The album opens with “Bulleya”, which is also the best track out of the five. Rabbi Sheirgill, whose voice is heard very scarcely in both Bollywood and the pop circuit despite giving several memorable numbers in both domains, sings this song with gusto. Interestingly, Rabbi also makes an appearance in this song as a singer. Sohail Sen puts together a vastly engaging tune that you would find yourself humming long after you finish listening to the song. The lyrics by Ashok Punjabi are very impressive too.
Sonu Nigam seems to be the obvious choice to sing patriotic numbers. Though the singer, arguably one of the best in the country, has proved his versatility time and again, he seemed to be brought on board to render only a certain kind of songs these days. While Shabbir Ahmed is a well-known lyricist, this is probably the first time he is composing music for a film. While the composition and the lyrics are nice, Sonu’s singing and the orchestral arrangements are the most prominent factors in “Vande Mataram”.
Composer duo Raaj-Aashoo has been in the industry for a while but have not really managed to make a mark for themselves. “Jee Len De” is definitely a song that they ought to be proud of. This Mohit Chauhan sung number has a good mix of romance and sensuality and has a distinctive calm vibe to it. The song has been arranged very well, with a particular acoustic guitar piece (1:23) making a lasting impression. Hear this song while unwinding after a hard day at work.

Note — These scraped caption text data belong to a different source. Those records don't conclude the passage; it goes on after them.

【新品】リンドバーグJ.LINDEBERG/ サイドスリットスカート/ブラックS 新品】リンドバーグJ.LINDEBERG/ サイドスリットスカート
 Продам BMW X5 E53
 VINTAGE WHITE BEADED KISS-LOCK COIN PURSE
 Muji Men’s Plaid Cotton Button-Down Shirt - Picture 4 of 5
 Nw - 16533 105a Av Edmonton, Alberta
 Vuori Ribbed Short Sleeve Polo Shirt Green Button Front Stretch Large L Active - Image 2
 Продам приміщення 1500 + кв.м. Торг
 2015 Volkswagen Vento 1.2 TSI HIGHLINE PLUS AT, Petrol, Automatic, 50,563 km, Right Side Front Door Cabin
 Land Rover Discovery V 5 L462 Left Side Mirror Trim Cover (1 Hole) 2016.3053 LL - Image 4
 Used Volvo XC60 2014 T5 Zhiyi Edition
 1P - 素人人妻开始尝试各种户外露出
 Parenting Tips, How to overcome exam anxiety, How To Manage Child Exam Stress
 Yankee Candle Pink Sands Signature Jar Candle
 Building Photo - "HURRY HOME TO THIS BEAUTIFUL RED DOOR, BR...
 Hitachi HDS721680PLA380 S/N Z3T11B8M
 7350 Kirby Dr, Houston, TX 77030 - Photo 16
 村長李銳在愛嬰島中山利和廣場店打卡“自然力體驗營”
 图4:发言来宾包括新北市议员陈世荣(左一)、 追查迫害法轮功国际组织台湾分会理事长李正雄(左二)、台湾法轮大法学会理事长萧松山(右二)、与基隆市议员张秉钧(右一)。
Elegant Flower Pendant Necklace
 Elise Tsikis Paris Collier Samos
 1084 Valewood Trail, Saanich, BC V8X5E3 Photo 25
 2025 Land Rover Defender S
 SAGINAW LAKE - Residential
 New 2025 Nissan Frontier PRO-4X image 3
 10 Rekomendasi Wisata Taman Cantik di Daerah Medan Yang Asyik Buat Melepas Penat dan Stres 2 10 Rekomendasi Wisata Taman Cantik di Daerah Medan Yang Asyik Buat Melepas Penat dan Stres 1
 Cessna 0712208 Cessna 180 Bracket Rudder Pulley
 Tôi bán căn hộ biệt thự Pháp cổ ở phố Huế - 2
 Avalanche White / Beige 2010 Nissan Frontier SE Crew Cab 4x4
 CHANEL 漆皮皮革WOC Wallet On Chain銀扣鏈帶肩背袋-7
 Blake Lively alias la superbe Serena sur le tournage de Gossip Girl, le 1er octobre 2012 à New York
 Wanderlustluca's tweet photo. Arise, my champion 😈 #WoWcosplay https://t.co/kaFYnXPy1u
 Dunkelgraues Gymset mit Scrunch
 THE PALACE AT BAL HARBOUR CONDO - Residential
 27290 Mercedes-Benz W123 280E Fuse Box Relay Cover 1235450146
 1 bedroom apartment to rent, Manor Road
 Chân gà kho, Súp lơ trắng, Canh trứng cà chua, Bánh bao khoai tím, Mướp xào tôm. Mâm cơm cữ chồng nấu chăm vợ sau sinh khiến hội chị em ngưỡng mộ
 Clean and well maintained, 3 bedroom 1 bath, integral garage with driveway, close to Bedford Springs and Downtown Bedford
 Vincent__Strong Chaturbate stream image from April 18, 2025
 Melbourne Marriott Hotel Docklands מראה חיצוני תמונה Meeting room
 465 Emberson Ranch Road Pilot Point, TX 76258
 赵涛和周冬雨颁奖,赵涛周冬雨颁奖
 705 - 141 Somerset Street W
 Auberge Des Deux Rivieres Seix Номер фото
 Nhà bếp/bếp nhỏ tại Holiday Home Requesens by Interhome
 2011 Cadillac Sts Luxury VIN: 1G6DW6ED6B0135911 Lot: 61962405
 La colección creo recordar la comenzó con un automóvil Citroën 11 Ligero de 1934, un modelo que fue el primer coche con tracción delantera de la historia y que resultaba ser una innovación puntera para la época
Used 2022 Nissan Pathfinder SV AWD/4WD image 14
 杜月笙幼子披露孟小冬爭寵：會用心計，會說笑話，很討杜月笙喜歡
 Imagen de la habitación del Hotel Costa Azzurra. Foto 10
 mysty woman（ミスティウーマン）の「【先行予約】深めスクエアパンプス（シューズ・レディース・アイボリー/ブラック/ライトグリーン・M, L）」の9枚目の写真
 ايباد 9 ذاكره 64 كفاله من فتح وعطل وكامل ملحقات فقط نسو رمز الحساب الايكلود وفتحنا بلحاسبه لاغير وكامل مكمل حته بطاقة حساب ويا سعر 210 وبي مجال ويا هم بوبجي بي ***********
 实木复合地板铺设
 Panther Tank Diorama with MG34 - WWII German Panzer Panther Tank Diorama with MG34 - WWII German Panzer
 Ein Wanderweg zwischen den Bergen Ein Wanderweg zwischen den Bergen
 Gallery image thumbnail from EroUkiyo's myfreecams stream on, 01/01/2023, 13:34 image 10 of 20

The opening lines of “Allah Hoo Allah” make it sound like a contemporary Pakistan pop inspired song but soon, you discover that it is really a qawalli. Though multiple singers have been credited for the song, it is Sameer Khan who leads the show here. His rendition is one of the several factors that make this song highly listenable. While the arrangements are largely traditional, there is a hint of electric guitar and pads played in the background. Shabbir Ahmed, the lyricist, outshines the composer here. The lyrics are truly extraordinary.
The title “Maa” itself explains what one should expect from the song. Ankit Tiwari puts together a simple yet immersive tune which manages to tug at your heartstrings. Prince Dubey’s words, too, are simple and heartfelt. This song is a testimony to the fact that when guided by the right director, Ankit Tiwari can push his boundaries and come up with a fresh tune and not recreate something that sounds like a rehashed version of his earlier hits.
The music of ‘Romeo Akbar Walter’ delivers more than one had expected from it. Each and every track leaves a good impression with a few like “Bulleya” shining more prominently. This is a good album which should have been promoted more aggressively.